Le Canada a enregistré une croissance significative du nombre de résidents temporaires au cours des dernières années. Sous ce même statut de résidence sont réunies des personnes aux conditions d’admission et de séjour qui varient grandement et qui sont soumises à des révisions fréquentes. Cette note offre une synthèse des principales catégories de résidence temporaire ainsi que des conditions qui leur sont associées.
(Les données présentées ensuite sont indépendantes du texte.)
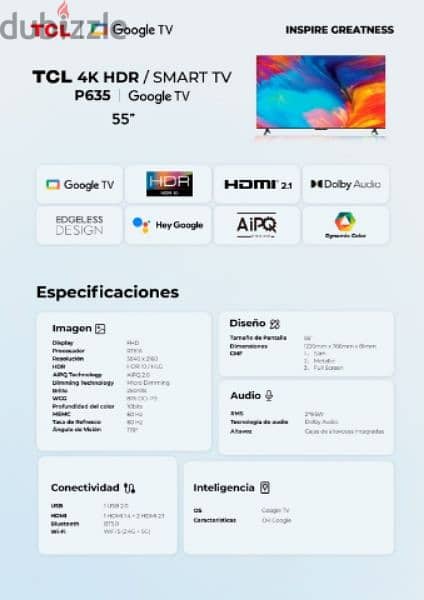 55P635 TCL 4K HDR Google TV 4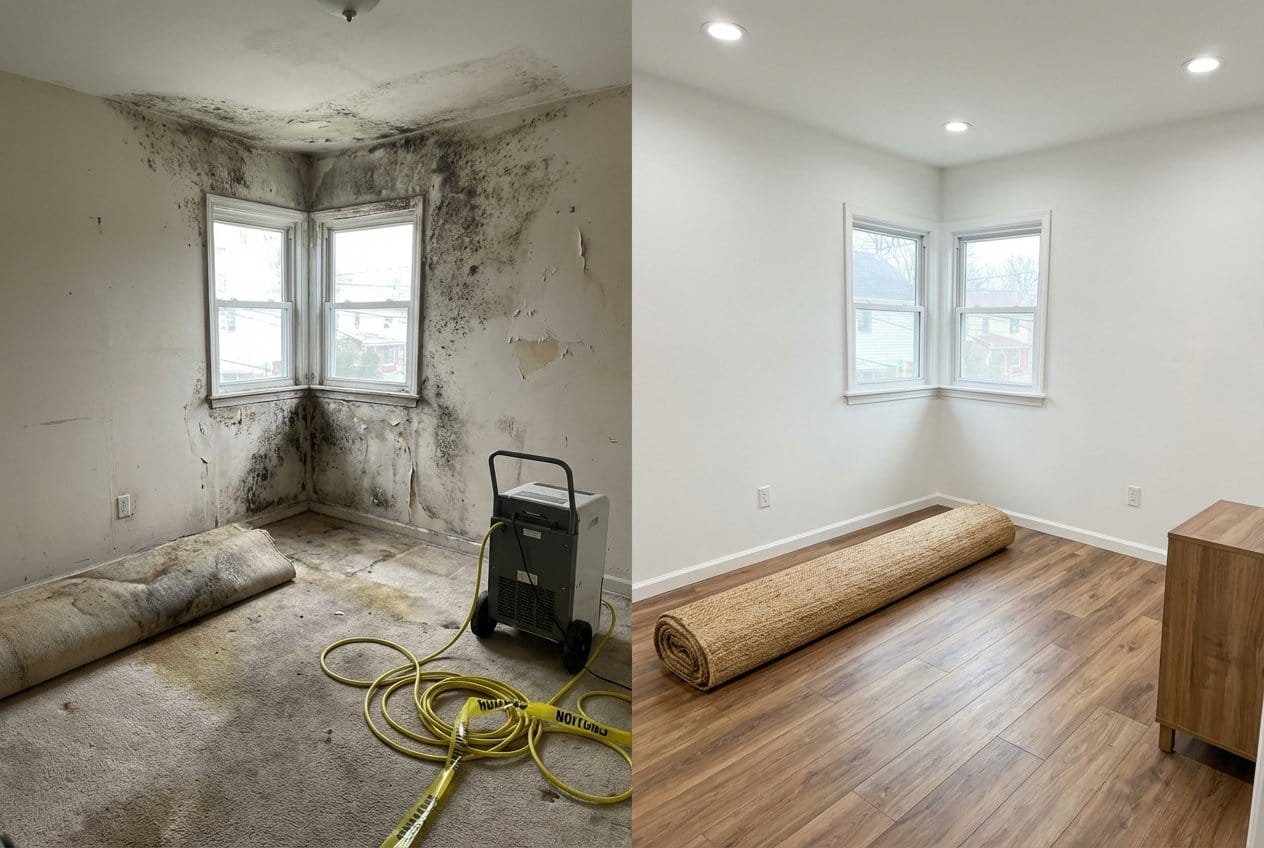 Before and after bathroom & kitchen mold removal in Garfield bi-level home bedroom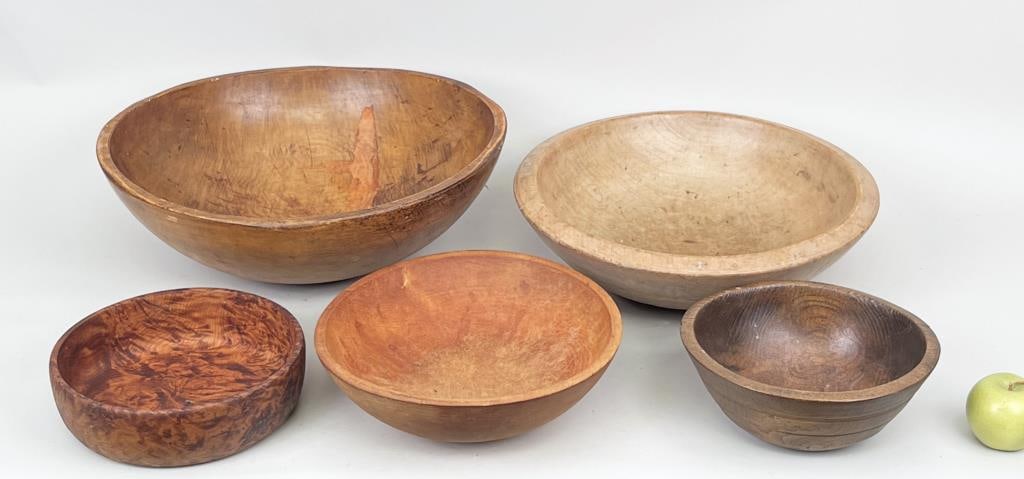 Estate Group Five Burl & Other Bowls (1 of 7)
La résidence temporaire est un statut à géométrie variable qui se décline en une multiplicité de règles changeantes. L’admission et le séjour des résidents temporaires au Canada sont conditionnés par des autorisations et des restrictions si hétérogènes qu’elles produisent des régimes de droits différenciés parmi les personnes à statut temporaire, avec des effets sur la société dans son ensemble.

De multiples catégories de résidence temporaire

Il existe trois statuts de résidence au Canada : la citoyenneté, la résidence permanente et la résidence temporaire. Les deux premiers octroient des droits similaires, avec quelques exceptions, la plus notable étant le droit de vote qui est réservé aux personnes citoyennes.

Le statut de résidence temporaire octroie des droits comparativement limités, notamment en ce qui a trait à l’emploi et l’accès aux services. Or, la population détenant ce statut au Canada a augmenté de manière importante depuis une quinzaine d’années. En 2025, elle est estimée à environ 3 millions de personnes alors qu’elle était de moins d’un million en 2010 (Statistique Canada, 2025; Citoyenneté et Immigration Canada, 2010). La résidence temporaire est désormais la principale voie d’admission des personnes immigrantes alors qu’auparavant elles étaient admises à titre de résidents permanents, ce qui constitue un tournant majeur dans les politiques d’immigration canadiennes.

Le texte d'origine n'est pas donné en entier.